Aires
54’
Film couleur, sans dialogues
Image / Montage / Production : François Daireaux
Son : François Daireaux / Suzanne Durand
Support de projection : DCP
Extrait
Matière et mouvement – ces fragments fascinent par le réseau qu’ils tissent en même tant que par leur pureté intrinsèque, ciselée en étude de détail. On croit reconnaître l’Inde ici et là, mais jamais l’insolite ne tourne à la notation exotique. De la tranchée sablonneuse qu’un homme tasse d’un pas-chassé expert à la frondaison qui se reflète dans le minuscule miroir ornant le costume d’une femme, de la patte d’un poulet dépassant d’une étuve au choc rythmique du linge battu sur la pierre, chaque geste semble recueilli dans son étrangeté en même temps que dans la perfection familière que lui imprime une main ou un outil. À la manière d’un Francis Ponge, François Daireaux, par la précision de ses coupes franches et de ses fondus au noir, sculpte dans le réel, polit les objets, les mouvements, les formes, les éléments, et finit par décaper le regard. Des poussins picorent sur un lit, une pluie diluvienne transforme un hangar en tableau abstrait. Sans cesse, l’oeil est aux aguets, occupé à identifier des actions ou des lieux qu’un coup de zoom arrière vient redéfinir. Image récurrente, des foyers allumés dans le sol et recouverts de couvercles s’offrent en métaphore des fragments filmiques eux-mêmes : petits touts vivaces, mystérieux, hypnotiques.
(Charlotte Garson)
Aires est une sculpture qui bouge. Sa forme mouvante est faite de l’entrelacement de morceaux choisis, collectés sur différents continents. En observateur attentif, je me définis comme un passeur, je mets en relation, tisse, une grande diversité d’espaces temps planétaires. De mon point de vue, "le monde est une sculpture qui s’ignore".

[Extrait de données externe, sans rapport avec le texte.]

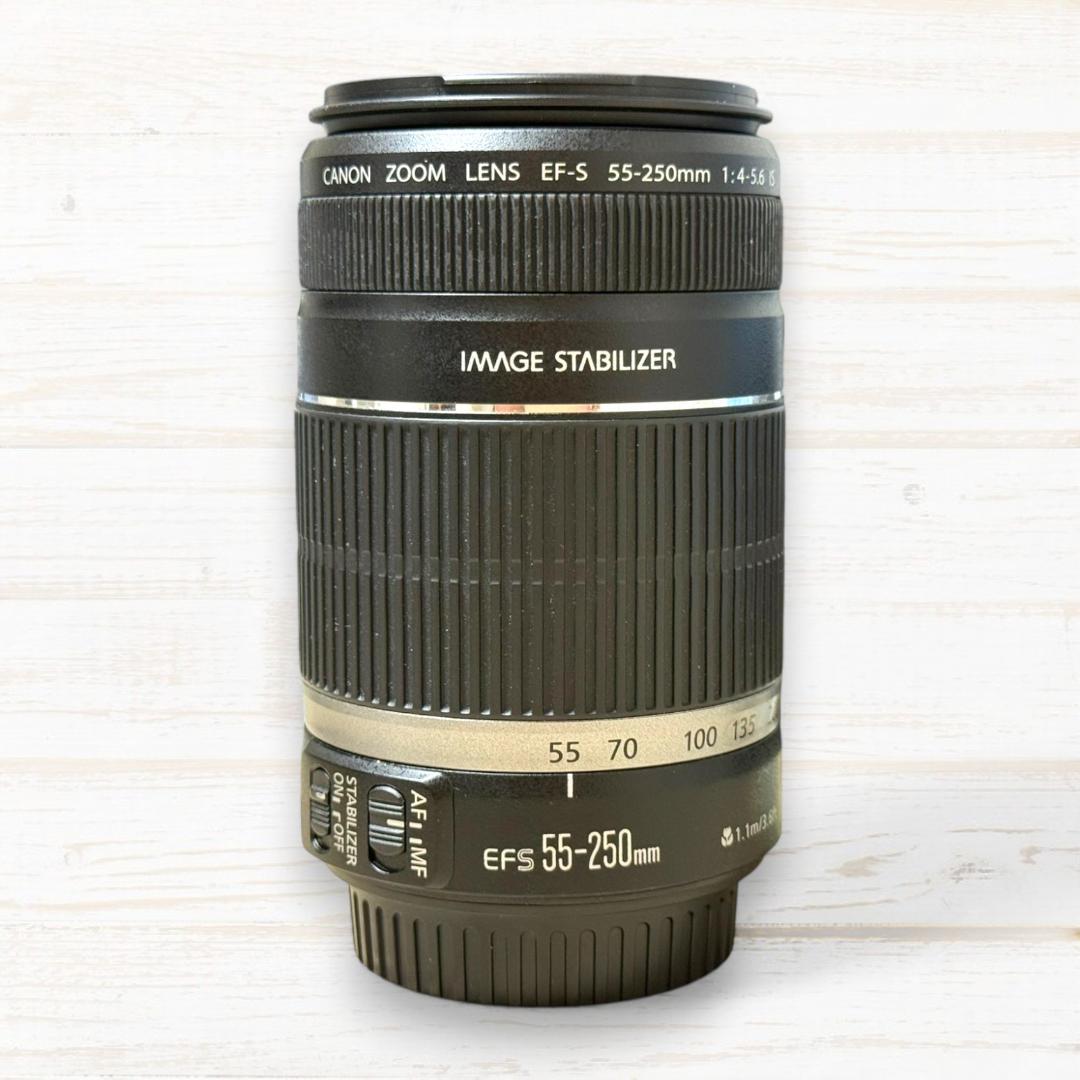 Canon ズームレンズ EF-S 55-250mm IS #95
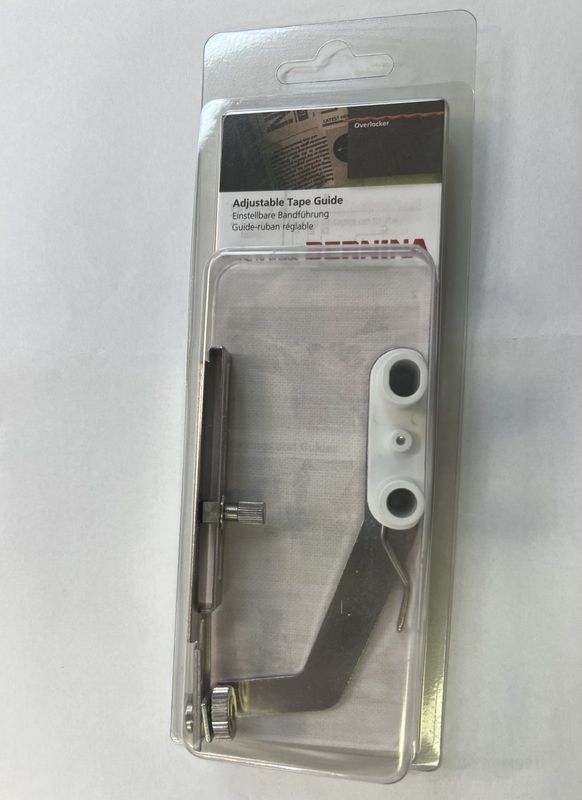 BERNINA Adjustable Tape Guide - for the L8 series Overlockers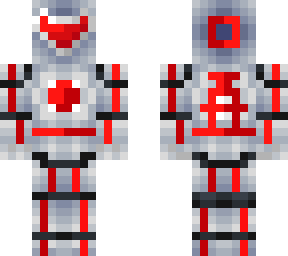 red robot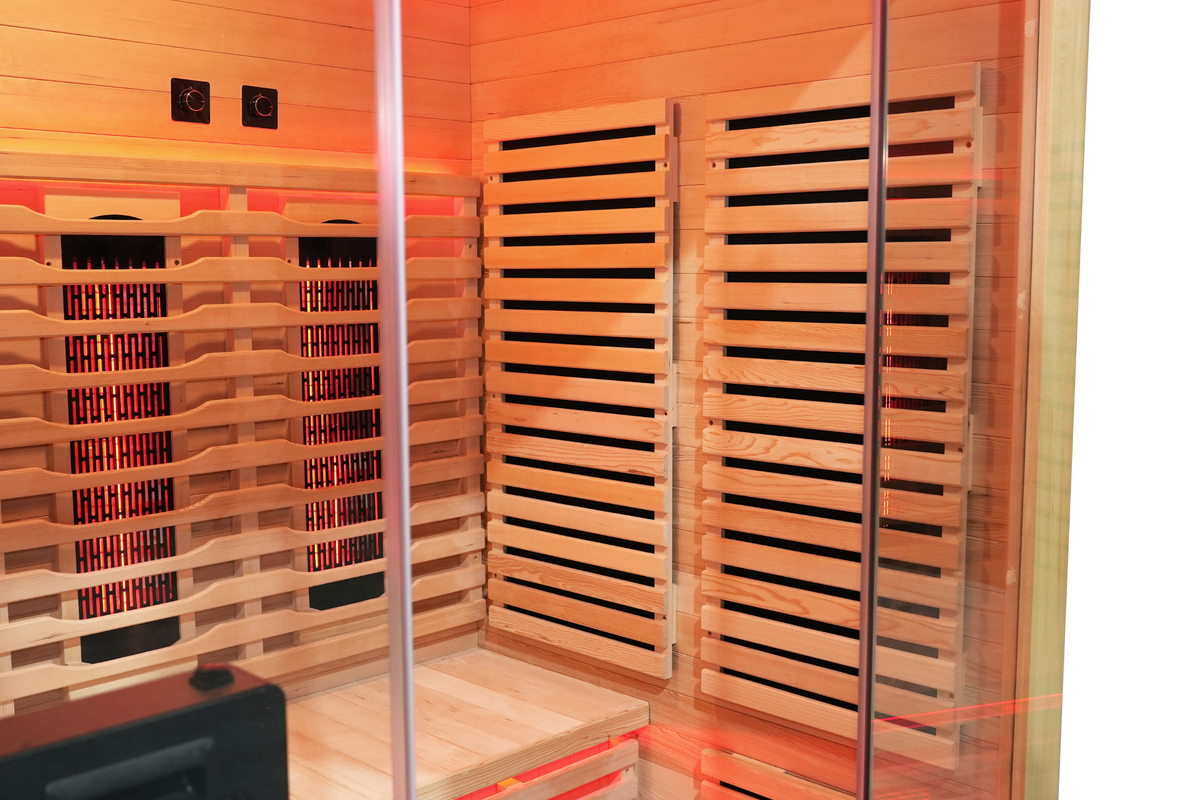 Blisspod Venetian RED Full Spectrum Indoor Premium Sauna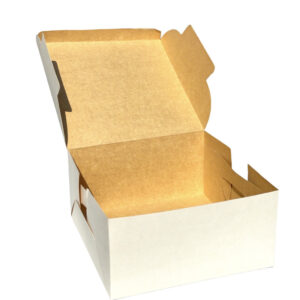 WHITE (BROWN) - 2 KG CAKE BOX WITHOUT WINDOW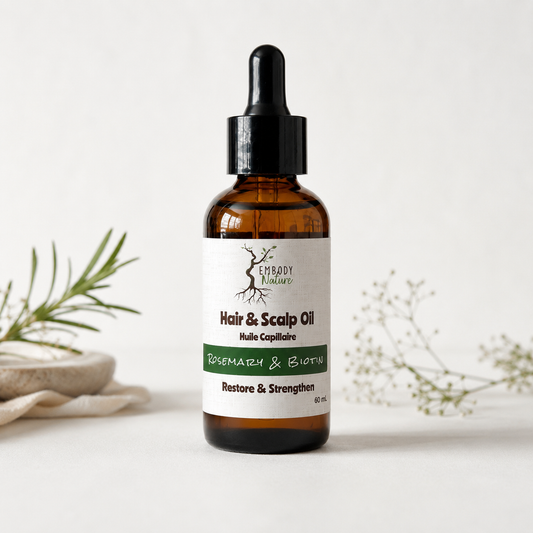 Scalp Oil - Rosemary & Biotin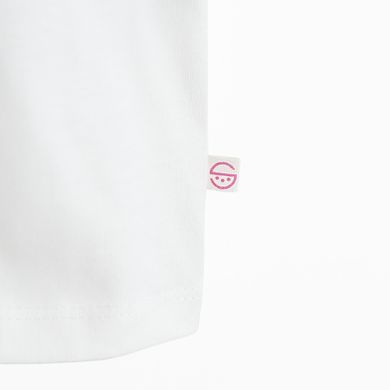 Cool Club, T-shirt dziewczęcy, biały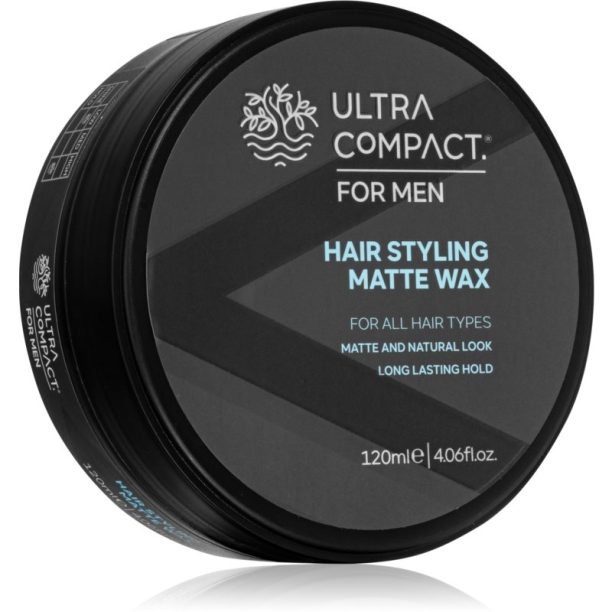 Ultra Compact For Men Styling Wax Matte восък за коса за мъже 120 мл. на ниска цена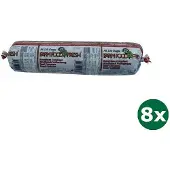 Farm food 8x500 gr fresh rundvlees compleet worst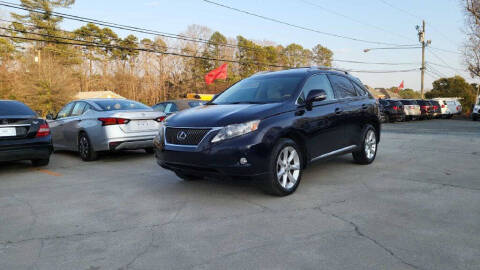 2010 Lexus RX 350 for sale at DADA AUTO INC in Monroe NC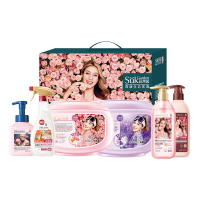 SukGarden蔬果园大师调香繁花系列高端家清礼盒6件套SGY0713.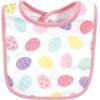 image:imageHudson Baby Unisex BabyCotton Bib and Headband or Caps SetHappy Easter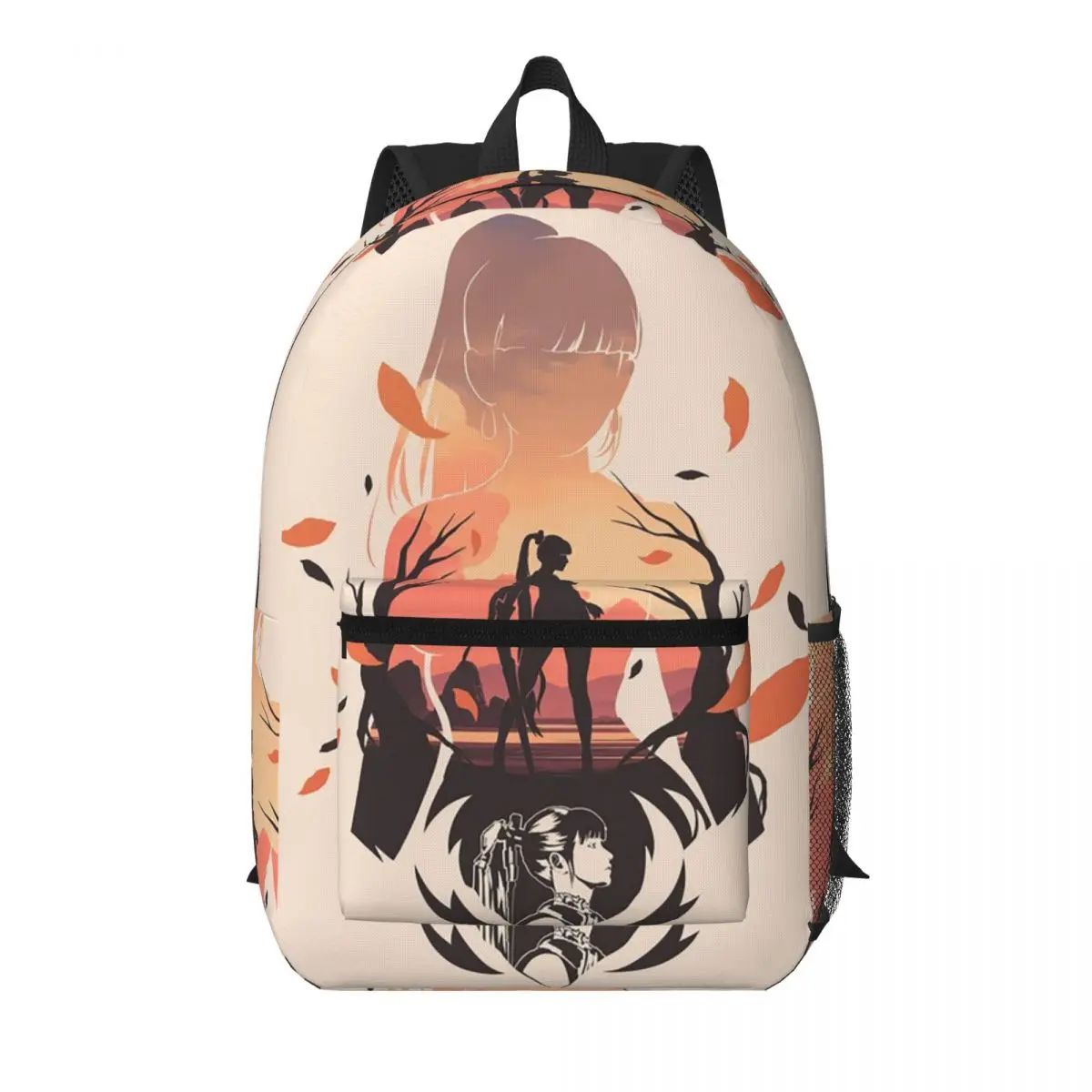 

Eve Defense Force Student Backpack School Bag Hiking Travel Daypack for Men Women Bookbag Shoulder Bags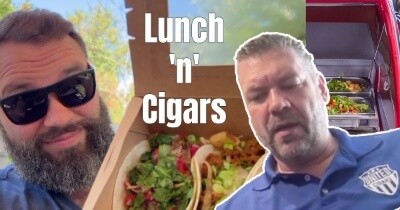 Lunch 'n' Cigars with Oliver from United 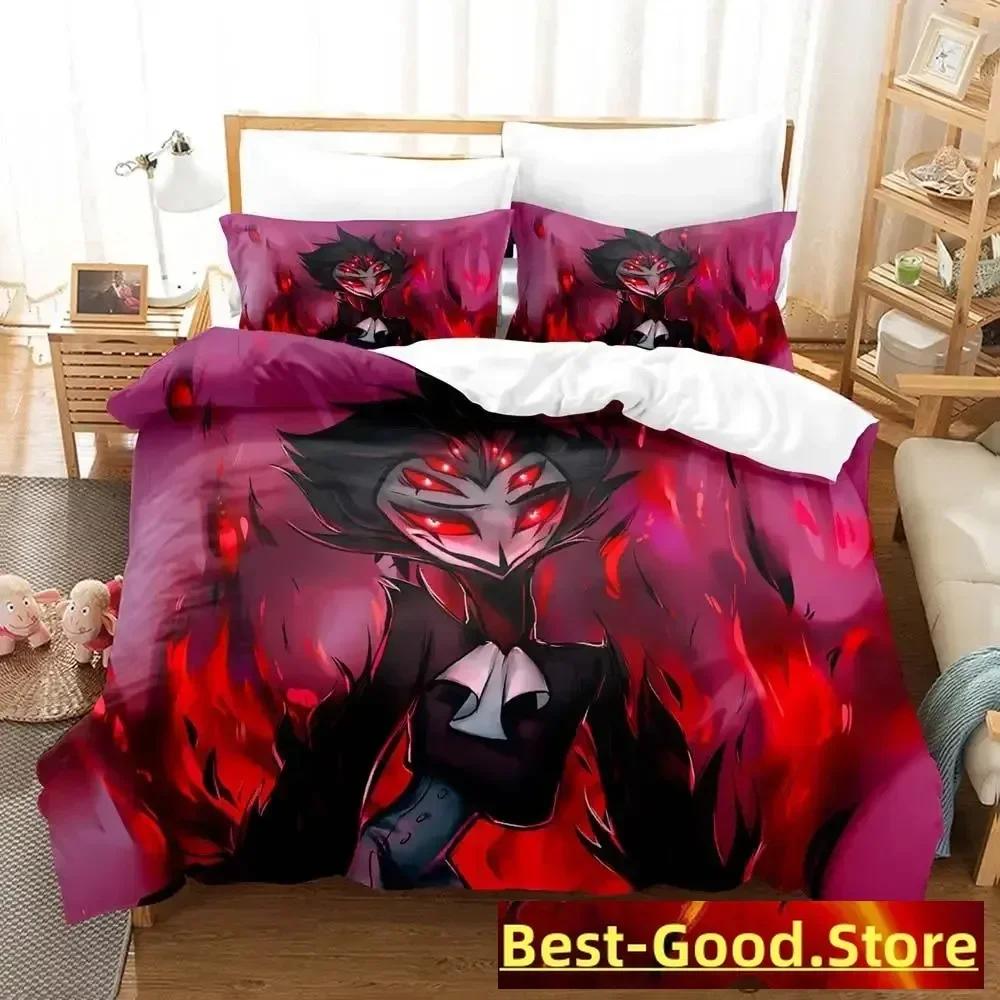 Stolas Boss Bedding Set Printed Bed Set With Pillowcase Bed Duvet Cover Soft Single Double Queen Super King Size Bedroom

Je travaille mon cinéma comme un sculpteur, en ajoutant et en retranchant une matière monde que je vais moi-même extraire. Faire image signifie se frotter au réel. C’est pourquoi, la matière qui constitue Aires a été prélevée par fragments au cours de nombreuses marches dans de multiples lieux et territoires, sans carte ni plan définis à l’avance. Filmer c’est percevoir et c’est par là même entretenir une grande proximité avec le monde. Je souhaite ainsi me perdre et faire l’expérience de l’imprévisibilité et des chemins qui bifurquent. La pensée sauvage ne distingue pas le moment de l’observation et celui de l’interprétation. Pendant six années successives, j’ai choisi de ne pas penser à quelle forme pourrait prendre cet ensemble de fragments. Ça n’est que récemment que j’ai senti se dessiner le fil invisible d’un possible récit. Les différentes parties se sont alors comme magnétiquement assemblées les unes avec les autres et comme par un lent déplacement progressif est advenu un film, un "Tout-Monde".
Aires est une mise en forme du réel qui propose à ceux qui le regardent une perte de repères, une possibilité de questionner et de repenser ce qui fait notre monde.